CBG also argued that its payments to third parties did not support a finding of a violation; Yet the court noted that at least one of the parties that CBG paid was a retailer, so CBG made at least one payment directly to a retailer. Moreover, the court opined, consideration given to a “closely-related third party” in exchange for acts by a retailer constitutes consideration to both parties.

Finally, CBG argued that the payment of rebates does not constitute price discrimination, as the repealed provision of the Statute expressly prohibited rebates (accordingly, the remaining provision of the Statute does not inherently include such a prohibition). In response to this argument, the court broadly construed the concept of price discrimination to include “all aspects of price, including the net price after rebate.”

  1. The ABCC’s exoneration of retailers while finding CBG liable was arbitrary and capricious.

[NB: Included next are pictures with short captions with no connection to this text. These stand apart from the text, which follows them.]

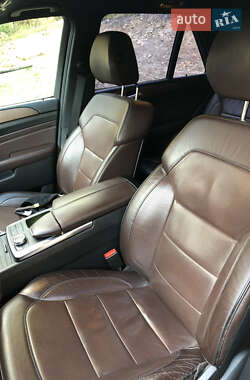 Внедорожник / Кроссовер Mercedes-Benz M-Class 2013 в Сколе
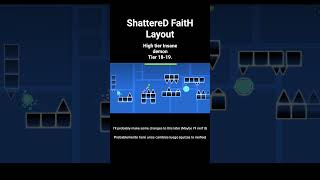 😗😗😗 #geometrydash #gd #level #layout #insanegameplay #gameplay #editor #grief #hello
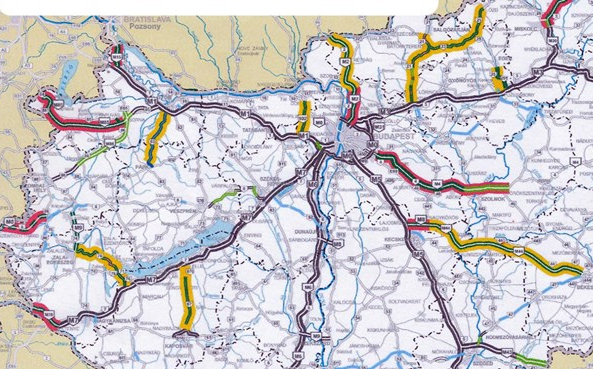 R83 - Gyorsút lesz a Pápa-Győr szakasz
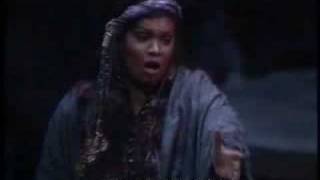 Turandot  Mitchell  Domingo  quot Tu che di gel sei cinta quot quot Liù sorgi quot [upl. by Aikrahs324]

With respect to the retailer that received a direct payment from CBG, the court stated, the ABCC did find a violation on the part of that retailer. With respect to the other retailers, the court found that because those retailers neither paid nor accepted monetary payment—which the regulation requires—they were not liable under the regulation. The court accordingly found that ABCC’s differential treatment of CBG and the retailers was not arbitrary and capricious.

  1. The ABCC committed procedural error in taking administrative notice of certain facts.

The ABCC took administrative notice of certain records in its files without providing notice to the parties or giving them an opportunity to contest the noticed facts, which a Massachusetts statute requires. Although the court acknowledged that the ABCC violated the statute, the court found that CBG cannot obtain relief without a showing of prejudice to its substantial rights, which the court found CBG failed to do.

  1. The 15-month suspension imposed on CBG was a Due Process violation and was arbitrary and capricious.

Citing the ABCC’s broad authority to determine remedies and enforcement and the court’s inability to interfere with this authority in most circumstances, the court found the penalty appropriate.

  1. CBG’s penalty should not have included gross receipts from its operations outside Massachusetts.

CBG challenged the method of calculating the payment it made to the ABCC in lieu of suspension, arguing that it should not have had to include gross receipts from operations outside Massachusetts. CBG apparently included its New Hampshire operations in the penalty calculation on the instruction of the ABCC’s general counsel. CBG did not seek the full ABCC’s view as to whether this calculation was proper. Because there was no final ABCC decision on this issue, the court declined to consider the issue due to lack of jurisdiction. However, the court suggested that a penalty calculation based on a licensee’s ability to pay, including taking into account its business in other jurisdictions, is “rationally related to imposing a sufficiently stiff sanction to deter misconduct.”


Whether CBG will appeal the court’s decision remains to be seen. For now, the decision serves as a strong affirmation of the ABCC’s authority to enforce trade practice restrictions (even by reviving long-dormant regulations to do so) and to impose substantial penalties on alleged violators of those restrictions. The decision also demonstrates the disparate treatment members of different tiers of the industry often receive in trade practice matters. Although the retailers here participated willingly in the “pay-to-play” scheme with CBG, the retailers predominately were let off the hook due to the wording of the applicable statutory and regulatory provisions, which shielded the retailers that received indirect benefits from CBG through third-party management companies.